***** Material provided

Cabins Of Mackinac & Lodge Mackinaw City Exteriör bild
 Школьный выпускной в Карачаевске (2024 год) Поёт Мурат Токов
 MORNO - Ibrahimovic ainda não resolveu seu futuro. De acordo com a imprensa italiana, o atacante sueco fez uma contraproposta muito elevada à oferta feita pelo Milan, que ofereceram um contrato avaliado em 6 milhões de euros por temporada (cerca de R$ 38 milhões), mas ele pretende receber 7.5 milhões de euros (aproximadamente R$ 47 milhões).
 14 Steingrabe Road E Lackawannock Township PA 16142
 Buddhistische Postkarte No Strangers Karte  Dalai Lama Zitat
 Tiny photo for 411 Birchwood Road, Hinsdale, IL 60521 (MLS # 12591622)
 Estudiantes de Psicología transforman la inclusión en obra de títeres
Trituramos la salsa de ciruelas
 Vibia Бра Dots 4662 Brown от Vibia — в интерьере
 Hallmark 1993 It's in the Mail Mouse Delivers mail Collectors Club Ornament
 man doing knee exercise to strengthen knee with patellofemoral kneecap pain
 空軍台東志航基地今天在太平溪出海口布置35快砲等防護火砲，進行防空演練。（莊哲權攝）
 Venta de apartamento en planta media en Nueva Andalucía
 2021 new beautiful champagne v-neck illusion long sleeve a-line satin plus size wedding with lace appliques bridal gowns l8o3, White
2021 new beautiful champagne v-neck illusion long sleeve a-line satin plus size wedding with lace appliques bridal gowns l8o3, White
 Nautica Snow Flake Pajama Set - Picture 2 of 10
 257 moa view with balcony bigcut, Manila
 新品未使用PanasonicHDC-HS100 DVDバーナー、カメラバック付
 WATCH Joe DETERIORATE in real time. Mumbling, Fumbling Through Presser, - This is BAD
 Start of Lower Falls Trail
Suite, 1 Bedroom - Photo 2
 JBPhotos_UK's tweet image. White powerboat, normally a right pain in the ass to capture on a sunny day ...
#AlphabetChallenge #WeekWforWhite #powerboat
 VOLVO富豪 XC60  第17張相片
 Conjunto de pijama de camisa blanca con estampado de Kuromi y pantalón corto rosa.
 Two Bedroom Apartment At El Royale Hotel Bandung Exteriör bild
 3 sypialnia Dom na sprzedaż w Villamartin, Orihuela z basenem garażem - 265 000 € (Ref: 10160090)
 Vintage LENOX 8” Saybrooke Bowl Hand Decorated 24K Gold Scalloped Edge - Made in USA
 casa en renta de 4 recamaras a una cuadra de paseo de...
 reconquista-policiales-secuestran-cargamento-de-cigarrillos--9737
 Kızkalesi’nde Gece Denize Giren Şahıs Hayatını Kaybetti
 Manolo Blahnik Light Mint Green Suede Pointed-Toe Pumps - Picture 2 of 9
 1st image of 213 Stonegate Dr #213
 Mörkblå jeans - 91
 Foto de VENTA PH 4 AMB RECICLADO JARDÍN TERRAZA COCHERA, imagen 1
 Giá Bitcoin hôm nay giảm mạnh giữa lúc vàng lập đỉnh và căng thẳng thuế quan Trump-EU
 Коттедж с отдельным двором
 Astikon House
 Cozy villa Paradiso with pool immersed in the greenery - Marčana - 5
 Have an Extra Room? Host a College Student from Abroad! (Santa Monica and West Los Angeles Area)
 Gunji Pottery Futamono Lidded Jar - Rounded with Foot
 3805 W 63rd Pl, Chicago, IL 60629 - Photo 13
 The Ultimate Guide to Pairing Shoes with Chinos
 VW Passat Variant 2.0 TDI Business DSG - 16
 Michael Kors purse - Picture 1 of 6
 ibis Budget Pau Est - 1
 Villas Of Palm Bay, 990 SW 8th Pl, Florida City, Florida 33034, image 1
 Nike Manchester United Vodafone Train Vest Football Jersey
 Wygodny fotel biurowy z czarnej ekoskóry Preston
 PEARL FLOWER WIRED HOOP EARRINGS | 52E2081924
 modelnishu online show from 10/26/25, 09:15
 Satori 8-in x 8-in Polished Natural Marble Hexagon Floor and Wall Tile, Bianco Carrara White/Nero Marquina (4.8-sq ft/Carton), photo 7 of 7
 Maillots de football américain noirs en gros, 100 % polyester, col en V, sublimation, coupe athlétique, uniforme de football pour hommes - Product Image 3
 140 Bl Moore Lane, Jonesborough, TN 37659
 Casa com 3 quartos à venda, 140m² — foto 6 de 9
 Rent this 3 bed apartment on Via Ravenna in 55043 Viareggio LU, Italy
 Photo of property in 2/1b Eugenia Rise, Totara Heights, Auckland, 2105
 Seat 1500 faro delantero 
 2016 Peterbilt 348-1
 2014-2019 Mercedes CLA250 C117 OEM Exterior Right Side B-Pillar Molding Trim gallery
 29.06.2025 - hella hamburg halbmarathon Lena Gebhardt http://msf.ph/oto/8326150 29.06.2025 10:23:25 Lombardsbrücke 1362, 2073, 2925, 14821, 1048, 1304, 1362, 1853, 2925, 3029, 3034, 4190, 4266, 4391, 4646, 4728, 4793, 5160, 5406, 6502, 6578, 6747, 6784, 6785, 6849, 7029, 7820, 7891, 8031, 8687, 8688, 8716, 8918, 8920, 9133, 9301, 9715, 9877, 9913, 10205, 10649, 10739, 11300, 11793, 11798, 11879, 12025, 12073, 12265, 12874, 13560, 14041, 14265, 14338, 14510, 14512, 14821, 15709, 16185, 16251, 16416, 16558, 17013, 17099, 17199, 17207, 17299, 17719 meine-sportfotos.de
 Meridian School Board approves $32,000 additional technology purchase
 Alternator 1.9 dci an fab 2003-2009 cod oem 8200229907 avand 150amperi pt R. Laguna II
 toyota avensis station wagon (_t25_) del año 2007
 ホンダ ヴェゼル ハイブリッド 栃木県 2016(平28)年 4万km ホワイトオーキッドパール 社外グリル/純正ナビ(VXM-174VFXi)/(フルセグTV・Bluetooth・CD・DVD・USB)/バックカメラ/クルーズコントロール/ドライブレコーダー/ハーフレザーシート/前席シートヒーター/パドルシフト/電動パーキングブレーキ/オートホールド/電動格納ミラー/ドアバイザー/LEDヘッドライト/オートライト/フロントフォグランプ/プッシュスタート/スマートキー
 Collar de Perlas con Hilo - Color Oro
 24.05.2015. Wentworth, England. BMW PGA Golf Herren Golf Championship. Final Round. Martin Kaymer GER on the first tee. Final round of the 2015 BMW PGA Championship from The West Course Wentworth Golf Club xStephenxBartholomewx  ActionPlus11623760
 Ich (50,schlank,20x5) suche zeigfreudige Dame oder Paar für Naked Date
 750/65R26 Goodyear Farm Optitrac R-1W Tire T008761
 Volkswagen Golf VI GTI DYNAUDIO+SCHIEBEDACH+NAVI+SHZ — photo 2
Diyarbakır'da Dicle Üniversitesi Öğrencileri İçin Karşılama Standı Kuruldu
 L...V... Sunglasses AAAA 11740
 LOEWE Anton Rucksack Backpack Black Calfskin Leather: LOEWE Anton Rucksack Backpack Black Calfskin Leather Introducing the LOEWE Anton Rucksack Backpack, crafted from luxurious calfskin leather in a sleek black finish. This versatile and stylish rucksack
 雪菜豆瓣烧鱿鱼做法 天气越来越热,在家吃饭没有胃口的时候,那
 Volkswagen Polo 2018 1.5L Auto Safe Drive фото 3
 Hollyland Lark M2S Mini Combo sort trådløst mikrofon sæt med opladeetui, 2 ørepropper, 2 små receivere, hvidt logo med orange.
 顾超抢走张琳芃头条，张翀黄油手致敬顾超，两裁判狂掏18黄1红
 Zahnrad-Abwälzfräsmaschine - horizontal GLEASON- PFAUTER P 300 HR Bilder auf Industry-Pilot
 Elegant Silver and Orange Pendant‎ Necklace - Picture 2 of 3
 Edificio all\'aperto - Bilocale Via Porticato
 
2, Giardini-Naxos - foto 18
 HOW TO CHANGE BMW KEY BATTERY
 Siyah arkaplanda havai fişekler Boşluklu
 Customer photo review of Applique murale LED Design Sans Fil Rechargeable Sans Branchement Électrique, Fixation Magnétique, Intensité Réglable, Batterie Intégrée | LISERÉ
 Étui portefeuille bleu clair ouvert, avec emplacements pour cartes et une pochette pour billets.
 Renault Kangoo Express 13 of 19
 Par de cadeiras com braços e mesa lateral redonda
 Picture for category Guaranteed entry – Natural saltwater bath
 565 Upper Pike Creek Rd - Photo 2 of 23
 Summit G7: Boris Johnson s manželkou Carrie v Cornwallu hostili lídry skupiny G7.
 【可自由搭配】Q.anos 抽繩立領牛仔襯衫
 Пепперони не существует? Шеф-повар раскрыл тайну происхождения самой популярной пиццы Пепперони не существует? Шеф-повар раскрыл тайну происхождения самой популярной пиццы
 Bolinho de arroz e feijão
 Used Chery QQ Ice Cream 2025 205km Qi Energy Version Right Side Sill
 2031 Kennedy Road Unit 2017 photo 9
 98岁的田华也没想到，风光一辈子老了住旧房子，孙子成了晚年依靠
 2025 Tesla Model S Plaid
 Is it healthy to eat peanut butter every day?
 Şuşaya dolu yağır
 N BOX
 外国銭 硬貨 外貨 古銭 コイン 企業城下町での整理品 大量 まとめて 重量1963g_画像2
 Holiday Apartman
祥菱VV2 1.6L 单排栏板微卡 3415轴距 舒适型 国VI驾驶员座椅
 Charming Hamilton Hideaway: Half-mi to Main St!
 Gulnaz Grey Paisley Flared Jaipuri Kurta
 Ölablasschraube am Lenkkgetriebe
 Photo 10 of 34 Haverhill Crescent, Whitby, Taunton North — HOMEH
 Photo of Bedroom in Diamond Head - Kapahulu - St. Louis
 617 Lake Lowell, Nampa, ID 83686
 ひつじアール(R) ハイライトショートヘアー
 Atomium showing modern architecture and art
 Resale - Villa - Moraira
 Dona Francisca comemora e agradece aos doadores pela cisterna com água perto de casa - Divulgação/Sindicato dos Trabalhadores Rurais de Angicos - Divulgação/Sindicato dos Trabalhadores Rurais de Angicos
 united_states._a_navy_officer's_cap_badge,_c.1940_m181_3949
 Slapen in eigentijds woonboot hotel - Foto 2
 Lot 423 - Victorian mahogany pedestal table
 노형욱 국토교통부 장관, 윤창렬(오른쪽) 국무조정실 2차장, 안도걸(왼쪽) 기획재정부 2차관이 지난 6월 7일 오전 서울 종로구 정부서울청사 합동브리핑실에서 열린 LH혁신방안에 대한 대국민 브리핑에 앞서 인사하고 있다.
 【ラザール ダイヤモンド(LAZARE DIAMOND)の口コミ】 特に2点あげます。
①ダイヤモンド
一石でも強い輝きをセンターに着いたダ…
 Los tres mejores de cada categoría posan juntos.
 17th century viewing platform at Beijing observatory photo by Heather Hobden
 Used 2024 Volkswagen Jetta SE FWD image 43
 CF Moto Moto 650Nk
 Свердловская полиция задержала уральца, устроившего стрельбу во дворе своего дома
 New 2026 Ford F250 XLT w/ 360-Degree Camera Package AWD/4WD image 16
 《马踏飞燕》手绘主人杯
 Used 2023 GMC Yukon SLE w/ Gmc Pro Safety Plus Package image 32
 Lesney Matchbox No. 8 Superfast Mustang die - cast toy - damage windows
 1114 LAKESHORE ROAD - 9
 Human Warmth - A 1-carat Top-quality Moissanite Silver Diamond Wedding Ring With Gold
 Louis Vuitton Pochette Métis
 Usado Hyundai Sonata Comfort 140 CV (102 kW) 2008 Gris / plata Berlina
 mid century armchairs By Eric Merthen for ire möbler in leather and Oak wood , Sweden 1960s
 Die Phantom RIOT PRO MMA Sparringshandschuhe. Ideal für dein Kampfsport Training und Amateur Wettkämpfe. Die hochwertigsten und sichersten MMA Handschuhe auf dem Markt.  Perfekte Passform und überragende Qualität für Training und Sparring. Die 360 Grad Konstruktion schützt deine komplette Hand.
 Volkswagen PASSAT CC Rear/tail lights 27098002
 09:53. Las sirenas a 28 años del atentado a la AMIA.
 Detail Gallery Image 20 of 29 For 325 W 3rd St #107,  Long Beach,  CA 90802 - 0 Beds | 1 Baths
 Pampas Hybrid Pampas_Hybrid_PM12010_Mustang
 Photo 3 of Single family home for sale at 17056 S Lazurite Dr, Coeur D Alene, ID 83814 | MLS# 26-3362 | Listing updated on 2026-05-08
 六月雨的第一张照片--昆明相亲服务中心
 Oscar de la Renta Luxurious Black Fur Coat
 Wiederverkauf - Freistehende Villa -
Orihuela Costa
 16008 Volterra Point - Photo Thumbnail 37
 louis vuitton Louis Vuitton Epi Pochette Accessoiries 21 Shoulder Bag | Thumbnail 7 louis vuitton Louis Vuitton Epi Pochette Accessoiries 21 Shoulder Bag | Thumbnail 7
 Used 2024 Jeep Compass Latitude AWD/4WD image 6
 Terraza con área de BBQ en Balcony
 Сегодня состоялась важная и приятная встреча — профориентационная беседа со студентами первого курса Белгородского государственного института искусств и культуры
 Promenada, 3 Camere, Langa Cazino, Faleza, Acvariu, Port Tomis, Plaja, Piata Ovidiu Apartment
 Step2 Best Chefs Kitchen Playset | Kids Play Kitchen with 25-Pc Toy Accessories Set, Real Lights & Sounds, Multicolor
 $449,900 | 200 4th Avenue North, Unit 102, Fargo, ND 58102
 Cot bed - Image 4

**********

• **Assignment**
Output the lines above exactly, but only those between the line holding "2, Giardini-Naxos - foto 18" and the line holding "Customer photo review", inclusive.

• **Response**
2, Giardini-Naxos - foto 18
 HOW TO CHANGE BMW KEY BATTERY
 Siyah arkaplanda havai fişekler Boşluklu
 Customer photo review of Applique murale LED Design Sans Fil Rechargeable Sans Branchement Électrique, Fixation Magnétique, Intensité Réglable, Batterie Intégrée | LISERÉ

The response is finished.